DEMOKRATIE ODER DIKTATUR – DIESE FRAGE IST ENTSCHEIDEND
Die Politik der Herrschenden in der Türkei, die die Unterschiede in der ethnischen Herkunft und dem Glauben in den Vordergrund rückten, führte die Bevölkerung zu einer Spaltung und Polarisierung bisher unbekannten Ausmasses. Diese Spaltung und Polarisierung soll jetzt auch ins Referendum getragen werden. Die Entscheidung, ob man beim Referendum mit Ja oder Nein abstimmen möchte, versuchen sie mit der ethnischen Herkunft, dem Glauben und der politischen Einstellung zu verknüpfen. Allerdings wird das angestrebte Ein-Mann-Regime, das die Demokratie verdrängen und an den Abgrund bringen wird, alle Menschen gleichermaßen beeinträchtigen – gleichgültig, welche Partei er zuvor gewählt hat, ob er Türke oder Kurde, Sunnit oder Alevit ist.
Diese Polarisierung versucht die AKP-Regierung auch nach Deutschland zu tragen. Ihren Vertretern wird – wie zuletzt in Oberhausen dem türkischen Premier Yildirim – die Bühne für eine Kampagne pro Verfassungsänderung bereitet. Unverhohlen dürfen sie hier Wahlkampf machen und für Zustimmung zu einem undemokratischen Ein-Mann-Regime werben. Wir rufen die Öffentlichkeit in Deutschland auf, gegen diese Spaltung und Polarisierung zu protestieren, die auch den gesellschaftlichen Frieden in Deutschland gefährdet. Gefragt ist hier auch die Bundesregierung, die in den letzten Jahren aus Sorge um den Flüchtlingsdeal Wahlkampfhilfe für Erdoğan und die AKP-Regierung geleistet hat.

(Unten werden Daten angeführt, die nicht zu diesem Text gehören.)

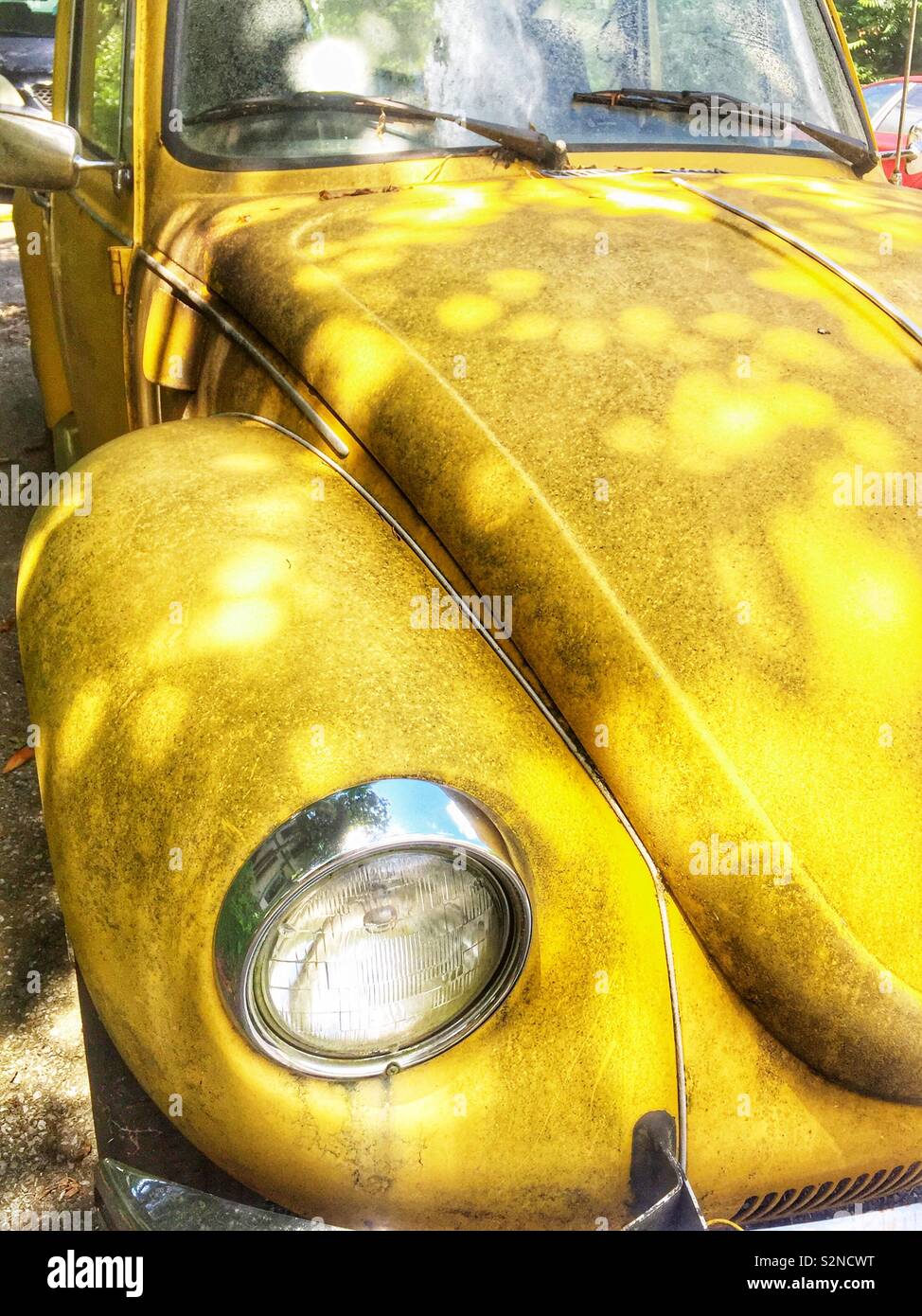 Yellow hotsell punch bug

Wir appellieren an die demokratische Öffentlichkeit in Deutschland, Druck auf die Bundesregierung auszuüben, damit sie ihre Unterstützung beendet und dem Treiben der Befürworter des Ein-Mann-Regimes nicht weiter tatenlos zuschaut.

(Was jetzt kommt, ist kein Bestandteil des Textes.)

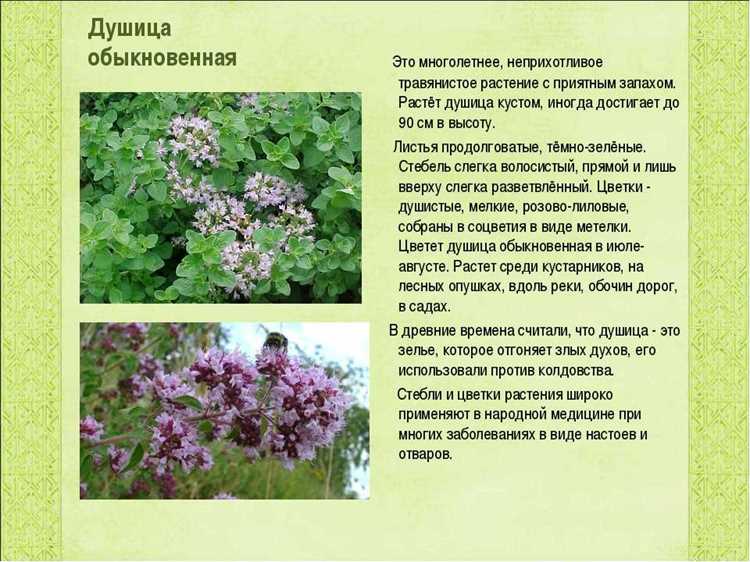 Потенциальные побочные эффекты и противопоказания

Wir als DIDF sind der Ansicht, dass alle Werktätigen unabhängig von ihrer Herkunft und ihrem Glauben dieselben Interessen, Forderungen haben und dasselbe Schicksal teilen. Bei unserer Entscheidung, ob wir beim Referendum mit Ja oder Nein abstimmen möchten, müssen wir uns an der Frage orientieren, ob die Verfassungsänderung im Sinne der Werktätigen und des Landes liegt.
Deshalb rufen wir die Türkei-Stämmigen in Deutschland auf, sich über die zur Abstimmung stehende Verfassungsänderung sowie deren mögliche Folgen zu informieren und dabei nicht von der Herkunft und dem Glauben leiten zu lassen.
Das so genannte “Präsidialregierungssystem”, das angestrebt wird, ist in Europa und der restlichen Welt beispiellos. Entwickelte und starke Länder kennzeichnet nicht die zügellose und unkontrollierte Konzentration aller Macht in den Händen eines Einzelnen, sondern die Existenz von demokratischen Mechanismen, Kommunen und Freiheitsrechten wie Meinungs- und Pressefreiheit.
In europäischen Ländern wurden diese Rechte mit langwierigen Kämpfen erreicht. Regime unter Alleinherrschern in der Geschichte wie Hitler und Mussolini oder in jüngerer Vergangenheit im Nahen Osten und in Afrika führten stets zur Katastrophe und zum Chaos.
Deshalb rufen wir die Türkei-stämmigen Arbeiter, Jugendlichen und Frauen in Deutschland auf, sich für eine Türkei in Frieden und Demokratie zu entscheiden und beim Referendum NEIN zu einer Verfassungsänderung zu sagen, die das Schicksal eine Landes einem Einzelnen überlässt.